Wang et al tried this an experiment and found no serious wins.

aw1621107 · on May 21, 2021

For reference, [0] appears to be the referenced paper. The relevant passage:

> To understand how disabling these optimizations may impact performance, we ran SPECint 2006 with GCC and Clang, respectively, and measured the slowdown when compiling the programs with all the three -fno-* [-fno-strict-overflow, -fno-delete-null-pointer-checks, and -fno-strict-aliasing] options shown in Figure 9. The experiments were conducted on a 64-bit Ubuntu Linux machine with an Intel Core i7-980 3.3 GHz CPU and 24 GB of memory. We noticed slowdown for 2 out of the 12 programs, as detailed next.

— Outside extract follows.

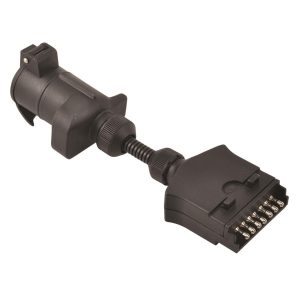 Round female to flat male adaptor Round female to flat male adaptor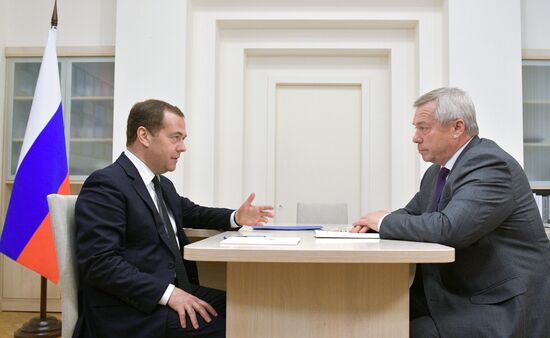 Рабочая поездка премьер-министра РФ Д. Медведева в Ростовскую область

> 456.hmmer slows down 7.2% with GCC and 9.0% with Clang. The first reason is that the code uses an int array index, which is 32 bits on x86-64, as shown below.

    int k;
    int *ic, *is;
    ...
    for (k = 1; k <= M; k++) {
        ...
        ic[k] += is[k];
        ...
    }

> As allowed by the C standard, the compiler assumes that the signed addition k++ cannot overflow, and rewrites the loop us- ing a 64-bit loop variable. Without the optimization, however, the compiler has to keep k as 32 bits and generate extra in- structions to sign-extend the index k to 64 bits for array access. This is also observed by LLVM developers [14].

> Surprisingly, by running OProfile we found that the most time-consuming instruction was not the sign extension but loading the array base address is[] from the stack in each iteration. We suspect that the reason is that the generated code consumes one more register for loop variables (i.e., both 32 and 64 bits) due to sign extension, and thus spills is[] on the stack.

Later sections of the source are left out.